I completely delete and destroy all my hdd.On my /dev i have ad16
I tried to format it to ufs.So i make a partition witch is all disk (A option), i went to label, i create a slice (all the avaible mb) but he is not creating ad16s1d.he is create only ad16s1.I try that with sysinstall and with sade mutiple times.Also i tried bsdlabel -w ad16.Is creating ad16s1a but is not working!How to format my hdd?


----------



## SirDice (Apr 29, 2010)

sk8harddiefast said:
			
		

> Also i tried bsdlabel -w ad16.Is creating ad16s1a but is not working!How to format my hdd?

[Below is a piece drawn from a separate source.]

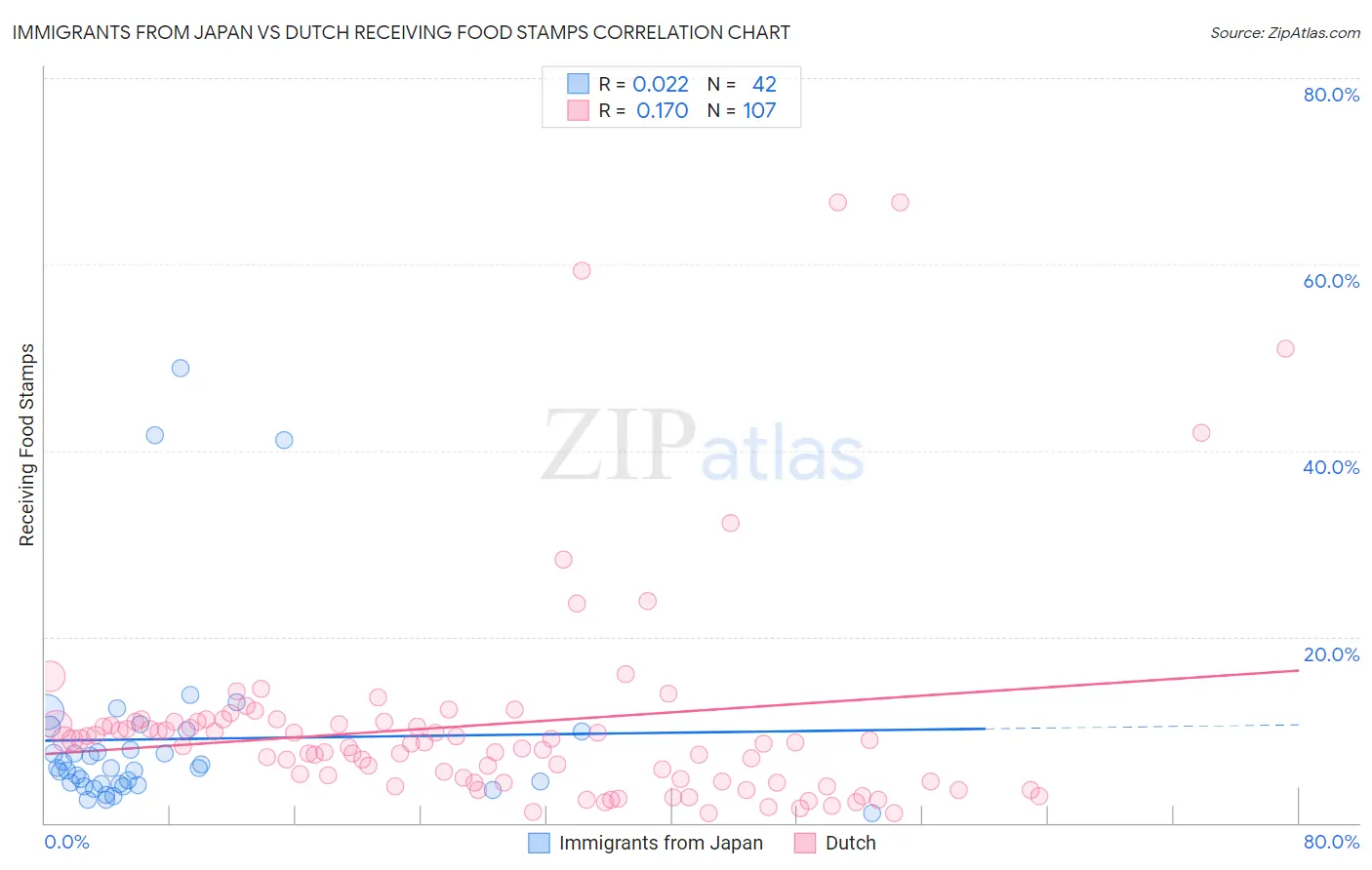 Immigrants from Japan vs Dutch Receiving Food Stamps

`# newfs /dev/ad16s1a` should do the trick.


----------



## sk8harddiefast (Apr 29, 2010)

yeap.Worked  thank you very much


----------



## fbsd1 (May 3, 2010)

You should file a bug report on sade so this gets fixed.


----------



## sk8harddiefast (May 3, 2010)

and how to do that????


----------



## DutchDaemon (May 3, 2010)

http://www.freebsd.org/send-pr.html


----------



## SirDice (May 3, 2010)

Just to get the order straight; 

 Slice, which creates s1, s2, s3 etc
 Partition, which creates a, b, d etc inside a slice
 Newfs, which sets up the filesystem so the system can use it


----------



## sk8harddiefast (May 4, 2010)

OK.I send a report of the problem from the link that DutchDaemon post


----------